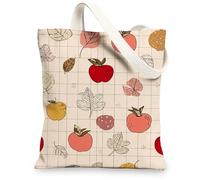 Borse di totalizzatore della tela della frutta, frutti alla moda e borse della spesa riutilizzabili del modello della foglia, Ca leggero chic della tracolla lavabile, Beige, 13x15 Inch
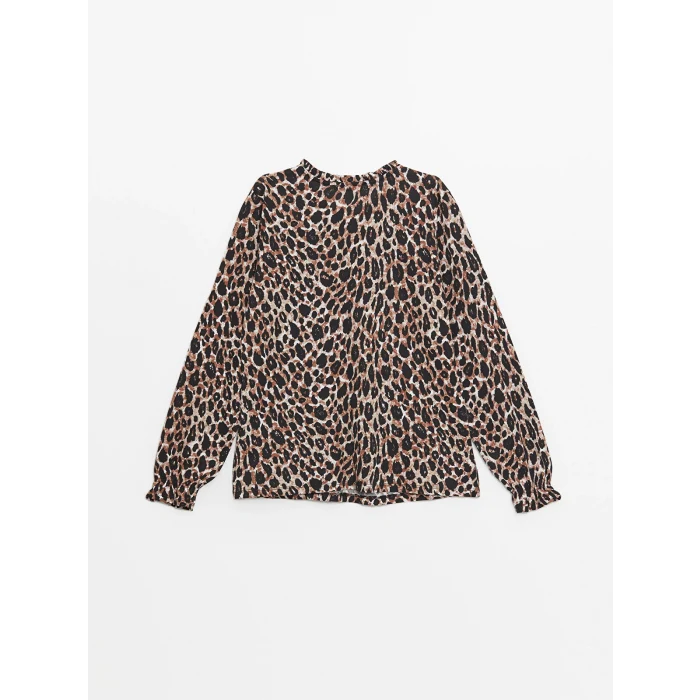 LCW Grace Ekru Bağlamalı Yaka Desenli Uzun Kollu Kadın Bluz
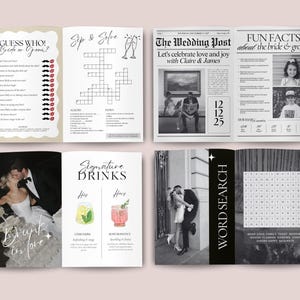 May include: A wedding activity book with various games and information. Pages include a "Guess Who" game, crossword puzzle, newspaper-style article, fun facts, signature drinks, and a word search. The book features a neutral color palette.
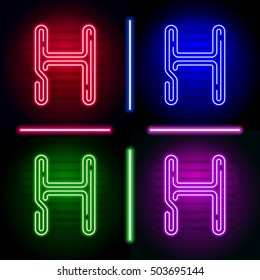 Set of realistic neon letters with different neon color glow on dark. Vector neon typeface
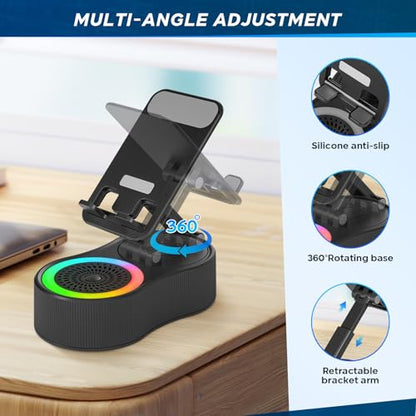 Cell Phone Stand with Bluetooth Speaker - Wireless Bluetooth Speaker with 360° Rotatable Phone Holder, Multifunctional Adjustable Stand with Charging Compatible with Tablet for Home Desk (Black) - color: Black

:: BRIEF ::
Starting at the line containing "LCW Grace Ekru" and stopping at the line containing "Set of realistic", output every line above exactly, both ends included, with pictures omitted.

:: RESULT BELOW ::
 LCW Grace Ekru Bağlamalı Yaka Desenli Uzun Kollu Kadın Bluz
 May include: A wedding activity book with various games and information. Pages include a "Guess Who" game, crossword puzzle, newspaper-style article, fun facts, signature drinks, and a word search. The book features a neutral color palette.
 Set of realistic neon letters with different neon color glow on dark. Vector neon typeface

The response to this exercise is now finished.